→ Task directions: Transcribe every entry exactly, leaving out any pictures.

### Raw data ###

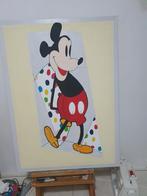 Mickey Mouse Schilderij, Antiek en Kunst, Ophalen of Verzenden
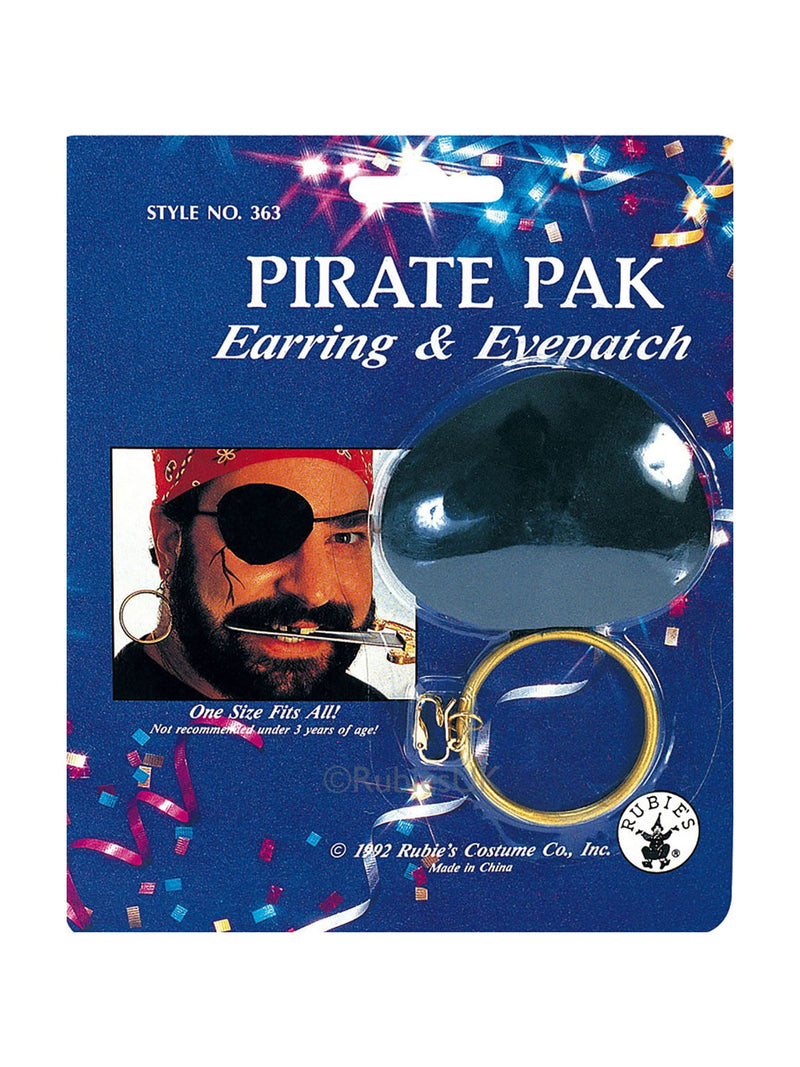Pirate Pack Eyepatch and Earring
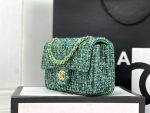 chanel as1116 small flap bag woolen a69900 green 002 luxibags.ru .jpg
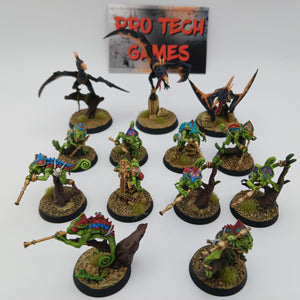 Age Of Sigmar / Warcry - Seraphon - Hunters of Huanchi #22441#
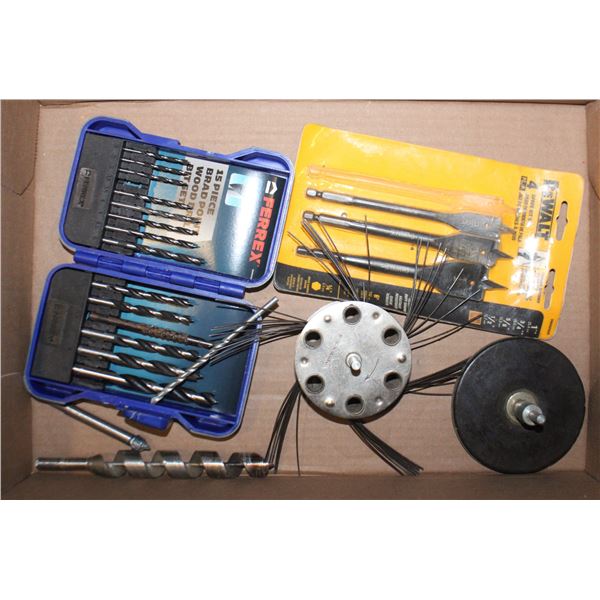 DRILL BITS AND ATTACHMENTS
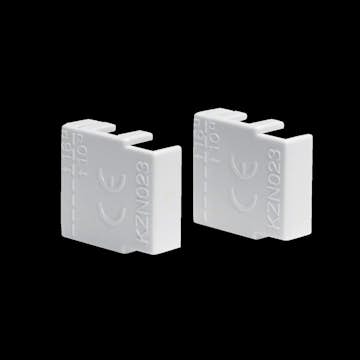 Ändstycke för Fasskenor Hager 3-polig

###

→ Exercise response:
 Mickey Mouse Schilderij, Antiek en Kunst, Ophalen of Verzenden
Pirate Pack Eyepatch and Earring
 chanel as1116 small flap bag woolen a69900 green 002 luxibags.ru .jpg
 Age Of Sigmar / Warcry - Seraphon - Hunters of Huanchi #22441#
 DRILL BITS AND ATTACHMENTS
 Ändstycke för Fasskenor Hager 3-polig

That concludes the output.